Im Kampf gegen die Adipositasproblematik auf genetische Veränderungen zu hoffen, ist somit keine verheißungsvolle Strategie. Da ist es doch ein Lichtblick am Horizont, dass aktuelle Studien plausible Hinweise liefern, dass gar nicht die „bösen“ Gene der entscheidende Schlüssel zum Verständnis der Übergewichtsproblematik sind, sondern das Muster, mit dem die Gene reguliert werden. Das Zauberwort heißt „epigenetisches Gedächtnis.“
Wie groß der genetische Einfluss bei der Entwicklung bzw. Wieder-Entwicklung (Jo-Jo-Effekt) von Übergewicht tatsächlich ist und welche konkreten Gene Verantwortung tragen, liegt noch sehr im Ungewissen. Bislang sind nur einzelne Gene bekannt, die im Falle spezieller Mutationen mit erhöhter Adipositasneigung assoziiert sind (hier und hier). Als Ursache für die globale Zunahme der Adipositas-Problematik kommen insbesondere monogene Ursachen, wie sie beispielsweise für einen MC4-Rezeptor-Mangel identifiziert wurden, nicht in Betracht. Analoges gilt für die von weiten Bevölkerungskreisen gemachte Erfahrung jenes Reboundeffekts, der nach erfolgreicher Gewichtsreduktion das Körpergewicht wie einen Jo-Jo über den ursprünglichen Wert zurückschnellen lässt.
Seit die Epigenetik grundlegende Mechanismen der Genregulation – also der Veränderung von Transkription- und Translationsraten durch reversible Modifikationen der DNA, ihrer Verpackungsproteine (Histone) oder Blockierung von mRNA – aufdecken konnte, haben „schlechte Gene“ als zentrale Erklärung für eine schicksalhaft überschießende Körpergewichtsentwicklung weitgehend ausgedient. Eine Reihe von Arbeiten hat mittlerweile stabile Hinweise auf ein „epigenetisches Gedächtnis“, d. h. ein in speziellen DNA-/Histon-Modifikationsmustern geschriebenes Programm für die Expression körpergewichtsrelevanter Gene, geliefert (hier und hier).
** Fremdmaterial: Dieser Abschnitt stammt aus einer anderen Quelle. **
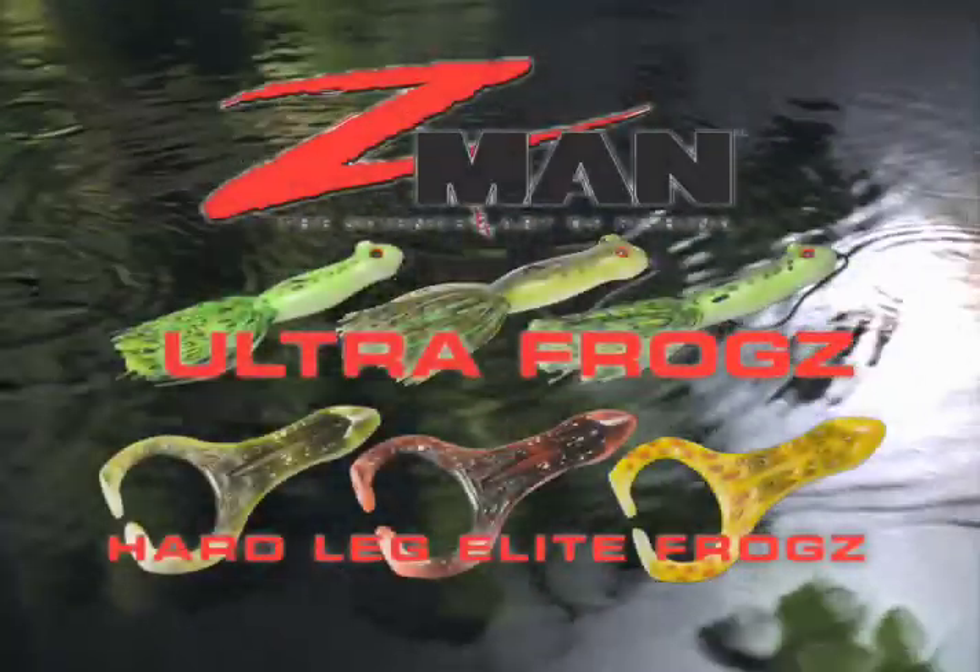I think for 2010 these are going to be really, really good products and ones you're just going to have to have in your tackle box. Thanks, we'll be right back.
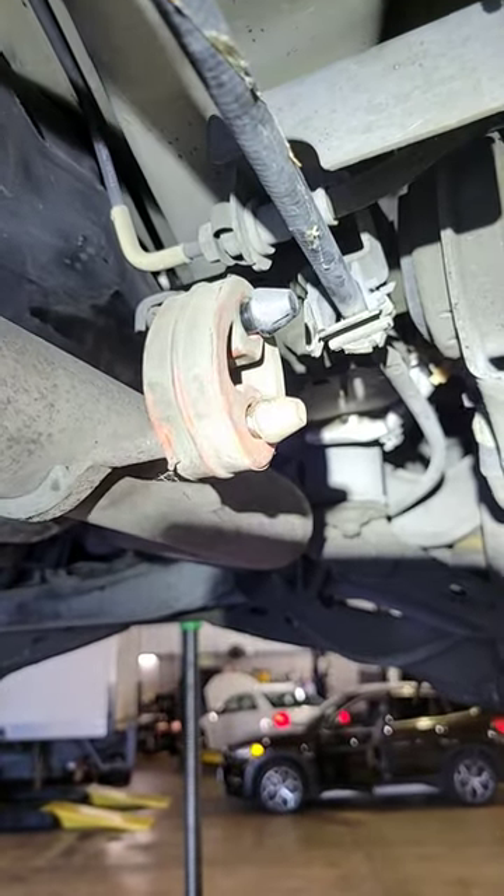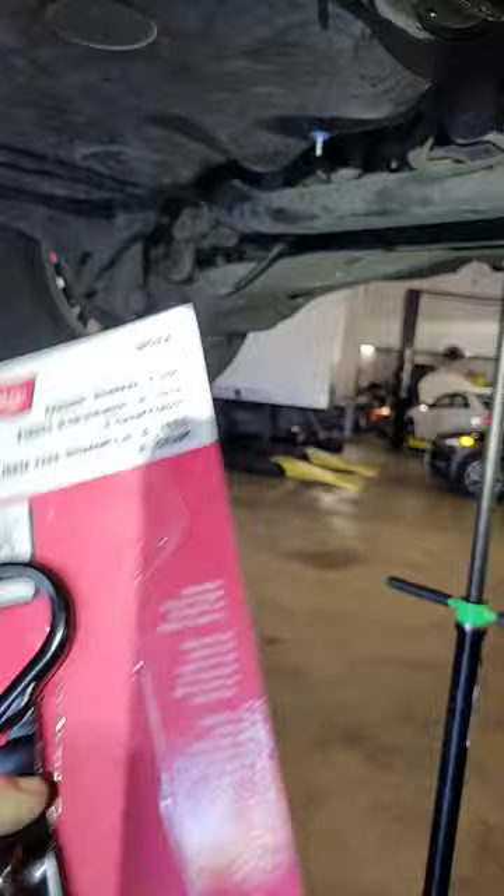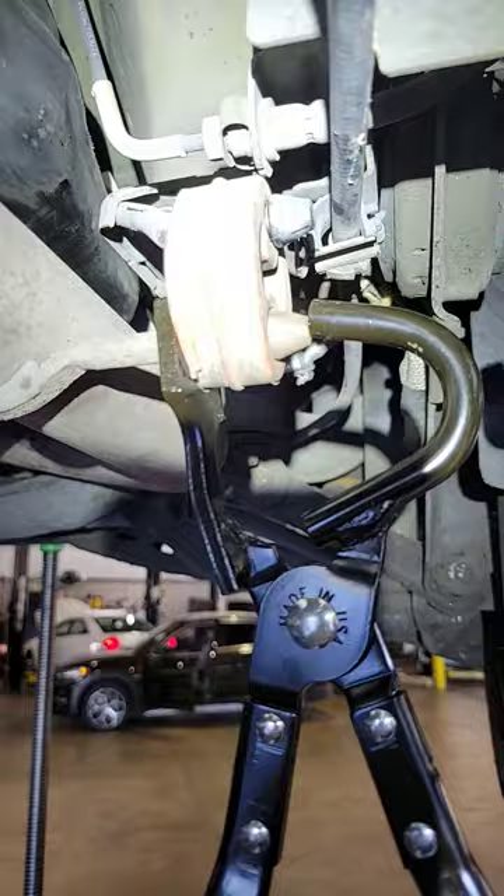You ever sit there and struggle with disconnecting this right here? Sometimes I spend a lot of time with pry bars trying to get it off. I hemmed and hawed about this tool for a very long time — the Lyle tool. All you do is set it up here like this, it's as simple as this.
Epigenetik befasst sich mit den „Schaltplänen“, quasi der Software der Gene. Wie und unter welchen Bedingungen werden Gene „an- und abgestellt“ bzw. wird ihre Expression herauf- und herunterreguliert. Die Molekularbiologie hat im Erbgut verschiedene charakteristische Markierungen in Form kleiner chemischer Anhängsel wie Methyl-, Acetyl-, Phosphatgruppen identifiziert. Diese reversiblen Modifikationen betreffen entweder die DNA selbst oder die sie verpackenden Proteine (Histone).
Die in der DNA gespeicherte genetische Information – also die Qualität der Gene und der von diesen codierten Produkte – bleibt völlig unverändert, was neben der Reversibilität das zentrale Unterscheidungsmerkmal zu den DNA-Code-verändernden Mutationen ist. Moduliert wird über die epigenetischen Markierungen lediglich die Zugänglichkeit der DNA für die ablesenden Transkriptionsenzyme. Es werden somit keine veränderten Proteine produziert. Es ändert sich „nur“ ihre Produktionsrate und damit ihre biochemisch wirksame Gesamtaktivität.
Mit der RNA-Interferenz gibt es einen weiteren, jedoch post-transkriptionell wirksamen Genregulationsmechanismus. Hier wird die mRNA abgelesener Gene vor ihrer Translation in Proteine durch eigens hergestellte kurze RNA-Moleküle (siRNA= small interferring RNA) mehr oder minder stark blockiert. All diese epigenetischen Modifikationen und Demodifikationen ermöglichen Zellen flexible Adaptationen der Genaktivitäten in Abhängigkeit von externen Einflussfaktoren, wohingegen DNA-Mutationen nicht-adaptive, unumkehrbare Veränderungen von Genprodukten bedeuten.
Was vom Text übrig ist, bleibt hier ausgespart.